Nasdaq Data Analyst interview typically runs 4 rounds: an emailed exam, three technical interviews, and one HR round. The process usually spans several stages and is notably exam-heavy and practical.
$71K
Avg. Base Comp
$138K
Avg. Total Comp
4
Typical Rounds
2-4 weeks
Process Length
We’ve seen Nasdaq evaluate Data Analyst candidates less like generalists and more like people who can step into a real workflow on day one. The strongest signal in the candidate experience is the exam-style work: the pre-interview assignment and the onsite exercise both felt like previews of the job, not abstract screens. That matters because the company seems to care about whether you can handle repetitive, operational analysis without losing accuracy or speed. One candidate specifically noted that the exercise gave a realistic sense of the day-to-day tasks they’d be expected to own.

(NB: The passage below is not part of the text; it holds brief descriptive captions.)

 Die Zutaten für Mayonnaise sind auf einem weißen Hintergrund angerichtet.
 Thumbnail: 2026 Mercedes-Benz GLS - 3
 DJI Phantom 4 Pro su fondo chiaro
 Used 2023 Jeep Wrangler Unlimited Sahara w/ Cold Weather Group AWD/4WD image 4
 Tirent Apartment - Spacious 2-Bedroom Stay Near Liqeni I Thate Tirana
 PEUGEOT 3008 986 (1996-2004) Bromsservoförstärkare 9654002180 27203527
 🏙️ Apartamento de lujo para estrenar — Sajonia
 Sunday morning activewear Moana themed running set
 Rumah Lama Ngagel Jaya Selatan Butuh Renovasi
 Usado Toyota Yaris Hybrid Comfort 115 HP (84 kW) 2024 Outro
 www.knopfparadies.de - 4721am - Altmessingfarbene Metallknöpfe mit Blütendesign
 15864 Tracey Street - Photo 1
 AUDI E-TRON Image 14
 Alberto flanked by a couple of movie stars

A recurring theme is how much weight Nasdaq puts on the candidate’s own background. Interviewers dug into listed projects, then used those examples to branch into SQL, medium-level coding, and even OOP concepts, which tells us they’re looking for people who can explain decisions clearly under pressure, not just recite syntax. We also saw puzzle-style questions mixed in, so the bar isn’t purely analytics; it’s about whether you can reason through unfamiliar problems in a structured way. The technical bar felt solid but fair, especially for candidates who could connect their resume to practical outcomes.
One non-obvious pattern: the process can feel a bit uneven in communication, but the evaluation itself stays grounded in work realism. That combination suggests Nasdaq is optimizing for reliability and applied judgment. Our candidates report that the best fit is someone who can move comfortably between SQL depth, basic programming fluency, and clear project storytelling without sounding rehearsed.
Synthetized from 1 candidates reports by our editorial team.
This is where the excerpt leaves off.